Ooh, what am I doing here? Right? Like this is not my background. And so often it is the, the way we talk about this feels weird to me, or, this is what it feels like in my body, and I think being able to speak to that in the room and, this is how I, obviously, I can't speak for everyone with tics.
But I do carry a certain life experience that I think when it's represented does make a difference. And obviously the work is deeply personal. It's very meaningful, but the stance or the approach in the field of being welcomed in [00:20:00] spaces where I think often people with tics and families, parents, right?
Often feel like I have to go to so many specialists and everyone's talking their own little part and no one's really understanding me or no one's really understanding my child. What is this holistic experience of a person who lives this day to day. I think having that as a more regular way to operate in this field, we only stand to gain from that.
[00:20:24] Dr.
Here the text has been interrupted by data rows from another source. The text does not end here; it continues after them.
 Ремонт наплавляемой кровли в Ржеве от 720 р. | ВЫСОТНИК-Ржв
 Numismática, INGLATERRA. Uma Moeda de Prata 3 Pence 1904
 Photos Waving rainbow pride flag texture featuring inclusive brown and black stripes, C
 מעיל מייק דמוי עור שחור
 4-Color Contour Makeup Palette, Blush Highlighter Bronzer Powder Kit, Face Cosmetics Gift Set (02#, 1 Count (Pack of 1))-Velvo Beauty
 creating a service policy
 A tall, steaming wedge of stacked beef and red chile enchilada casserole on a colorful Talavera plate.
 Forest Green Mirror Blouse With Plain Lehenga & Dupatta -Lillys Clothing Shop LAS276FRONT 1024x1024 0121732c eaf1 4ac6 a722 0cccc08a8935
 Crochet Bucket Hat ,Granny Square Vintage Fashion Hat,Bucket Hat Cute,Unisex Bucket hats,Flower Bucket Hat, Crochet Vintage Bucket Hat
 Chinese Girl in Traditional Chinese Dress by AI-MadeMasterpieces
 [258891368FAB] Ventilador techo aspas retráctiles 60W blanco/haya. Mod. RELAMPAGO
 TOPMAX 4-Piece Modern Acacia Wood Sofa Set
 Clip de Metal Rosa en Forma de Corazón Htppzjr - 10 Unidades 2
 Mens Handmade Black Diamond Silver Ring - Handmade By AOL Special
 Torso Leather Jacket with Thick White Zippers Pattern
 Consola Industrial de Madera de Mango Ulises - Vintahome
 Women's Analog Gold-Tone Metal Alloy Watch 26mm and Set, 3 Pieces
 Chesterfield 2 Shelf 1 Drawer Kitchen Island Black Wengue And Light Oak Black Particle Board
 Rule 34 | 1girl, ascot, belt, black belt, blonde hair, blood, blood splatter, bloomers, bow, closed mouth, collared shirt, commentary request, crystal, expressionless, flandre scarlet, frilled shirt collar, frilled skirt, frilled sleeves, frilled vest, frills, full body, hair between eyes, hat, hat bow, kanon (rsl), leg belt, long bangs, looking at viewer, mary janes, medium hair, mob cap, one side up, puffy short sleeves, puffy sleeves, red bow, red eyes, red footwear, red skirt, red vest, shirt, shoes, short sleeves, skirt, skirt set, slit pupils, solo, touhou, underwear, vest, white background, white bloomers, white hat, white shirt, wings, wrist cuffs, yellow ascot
Sarah Lidstone: This is such an important study, an important pilot study that I really hope the results are replicated and extended and more robustly analyzed in a larger population.
But what a beautiful example of co design with patients who actually have these symptoms and can articulately like speak to what's happening in their body and really focusing on skill building that is what sustains improvement over time more so than medication probably does in many ways.
And so really impressive body of work. And thank you for joining us today.
[00:20:57] Mr. Alan Brown: Thank you.
[00:20:58] Dr. Hannah Reese: Thank you.